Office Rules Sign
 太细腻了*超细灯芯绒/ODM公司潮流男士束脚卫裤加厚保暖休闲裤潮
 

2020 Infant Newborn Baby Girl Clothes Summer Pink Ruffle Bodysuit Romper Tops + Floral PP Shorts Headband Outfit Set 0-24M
※
- _Task description_:
Type out the whole listing above exactly.

- _Output_:
Office Rules Sign
 太细腻了*超细灯芯绒/ODM公司潮流男士束脚卫裤加厚保暖休闲裤潮
 

2020 Infant Newborn Baby Girl Clothes Summer Pink Ruffle Bodysuit Romper Tops + Floral PP Shorts Headband Outfit Set 0-24M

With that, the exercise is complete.